Essentially you’re saying that the problem is so hard that the smaller you are, the more you need a managed service provider and the larger you are the more, you just accept it’s going to be a very difficult task and invest in it?

That’s right. That’s why we’ve got to educate boards. We’ve talked for a long time in the cybersecurity community about making sure that at the board level of the company, people understand the threat and are willing to invest the resources in it. The challenge in cybersecurity for most boards is is it’s a cost center. We have to look at it as a systemic threat to industry, whether it’s in the financial services sector or energy or health care — these are things that create systemic risk. This is something that should not necessarily be owned by the CIO but should be owned by the chief risk officer, if not the CEO and COO themselves. And so part of this is an education effort and explaining how these things cut across companies of large scale. We’ve also seen in the threat environment today is a proliferation of threats where you’re not the target but you’re being affected. Like the NotPetya attack. Russia aiming at Ukraine, looking to take out some banking institutions in Ukraine, but the biggest effect though in the hundreds of billions dollar range were felt by American companies across a range of industries — not the intended targets but collateral damage. So even if you as a CISO think, “Well, I’m not a real target of the Russians or the Chinese,” you probably are and you just don’t know it yet. So you need to make sure your board and your managers are educated and they’re treating this at the highest levels of the company.

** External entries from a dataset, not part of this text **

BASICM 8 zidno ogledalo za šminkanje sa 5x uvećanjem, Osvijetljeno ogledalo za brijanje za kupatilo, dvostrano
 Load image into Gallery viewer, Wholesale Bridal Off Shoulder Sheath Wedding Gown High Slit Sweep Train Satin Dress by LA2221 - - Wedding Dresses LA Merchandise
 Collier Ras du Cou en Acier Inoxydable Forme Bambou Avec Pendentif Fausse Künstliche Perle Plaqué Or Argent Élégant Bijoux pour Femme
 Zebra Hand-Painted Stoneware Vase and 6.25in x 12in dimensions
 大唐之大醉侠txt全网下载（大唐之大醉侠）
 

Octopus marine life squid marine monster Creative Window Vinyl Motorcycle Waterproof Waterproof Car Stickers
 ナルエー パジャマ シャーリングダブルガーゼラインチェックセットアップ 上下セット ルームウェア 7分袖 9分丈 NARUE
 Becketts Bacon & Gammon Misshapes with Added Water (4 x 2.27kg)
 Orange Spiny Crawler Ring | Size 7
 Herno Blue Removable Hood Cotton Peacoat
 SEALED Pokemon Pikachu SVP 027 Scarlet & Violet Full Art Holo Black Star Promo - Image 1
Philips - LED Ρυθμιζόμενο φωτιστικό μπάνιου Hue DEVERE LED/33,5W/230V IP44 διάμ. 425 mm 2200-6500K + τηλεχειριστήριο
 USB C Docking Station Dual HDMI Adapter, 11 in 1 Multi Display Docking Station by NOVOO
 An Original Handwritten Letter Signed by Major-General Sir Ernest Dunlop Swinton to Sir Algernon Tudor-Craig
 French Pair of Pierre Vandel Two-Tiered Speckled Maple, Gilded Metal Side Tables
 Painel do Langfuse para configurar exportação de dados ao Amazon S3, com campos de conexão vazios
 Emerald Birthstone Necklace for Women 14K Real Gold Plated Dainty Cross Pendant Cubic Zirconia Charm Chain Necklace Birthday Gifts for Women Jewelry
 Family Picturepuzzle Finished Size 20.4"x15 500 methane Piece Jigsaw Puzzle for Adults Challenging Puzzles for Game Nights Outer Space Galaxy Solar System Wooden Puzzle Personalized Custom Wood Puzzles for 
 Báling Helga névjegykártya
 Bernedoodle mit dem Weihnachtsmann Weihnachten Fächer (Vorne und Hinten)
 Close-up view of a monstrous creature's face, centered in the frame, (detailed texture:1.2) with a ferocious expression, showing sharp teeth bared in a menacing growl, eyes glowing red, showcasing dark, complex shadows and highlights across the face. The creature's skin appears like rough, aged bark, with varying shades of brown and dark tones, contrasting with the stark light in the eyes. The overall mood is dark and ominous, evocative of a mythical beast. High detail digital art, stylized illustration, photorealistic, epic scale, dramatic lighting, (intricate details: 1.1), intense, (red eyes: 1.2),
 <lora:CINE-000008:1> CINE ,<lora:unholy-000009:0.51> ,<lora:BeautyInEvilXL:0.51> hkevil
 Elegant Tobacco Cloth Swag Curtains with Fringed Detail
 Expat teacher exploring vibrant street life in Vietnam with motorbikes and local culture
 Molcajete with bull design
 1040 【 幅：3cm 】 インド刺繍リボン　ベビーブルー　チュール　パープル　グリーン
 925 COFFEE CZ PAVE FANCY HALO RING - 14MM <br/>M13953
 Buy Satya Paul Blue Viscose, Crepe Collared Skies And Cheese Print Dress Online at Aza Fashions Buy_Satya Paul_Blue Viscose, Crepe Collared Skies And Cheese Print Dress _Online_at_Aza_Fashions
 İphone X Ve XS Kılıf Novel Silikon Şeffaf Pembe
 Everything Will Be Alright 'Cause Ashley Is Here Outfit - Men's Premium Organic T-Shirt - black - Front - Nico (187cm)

What advice would you have to CISOs about how to promote a good cybersecurity awareness culture?

You’ve got to make security fun. You’ve got to engage people the way they come to you. You can’t push it on them and expect them to click through the slide deck every six months and think that’s going to do it. One company that we were recently talking to in the oil and gas sector, they had a really innovative idea, I don’t want to name them because I don’t know if they want to be named, but they had an escape room where they taught people about cybersecurity by putting their employees through an escape room scenario where part of it was cybersecurity techniques.

The last question is about cybersecurity insurance. A lot of CISOs, CIOs and CTOs are being forced to buy cybersecurity insurance and it pisses them off. They don’t like the cybersecurity insurance because they feel that it’s bad insurance and has a lot of escape hatches. How can they turn this process from something that’s annoying and feels like a waste of money to one that’s actually productive?

Dave Weinstein at Claroty and I recently wrote an op-ed together about this very issue and how we’re seeing courts actually set the standards for what constitutes an act of war in cyberspace, as we’re watching what’s happening with the NotPetya lawsuits going on out there. You make a good point which is how can CISOs and CIOs turn insurance to their advantage? Insurance employees are going to come in, they’re going to want to assess your cybersecurity capabilities. Normally, you’re thinking, “Man, this is the worst thing. I don’t want these guys coming in and telling me what I need to do better.” But this is an opportunity for you to say, “Okay, where can we improve and let’s buy some coverage,” assuming that the coverage actually works. If you can identify where your vulnerabilities are and buy the insurance targeted to address those areas but then get better and build your capabilities, you can reduce your premiums, increase your limits, and make it more likely that if and when you have to collect that policy you’re going to get paid.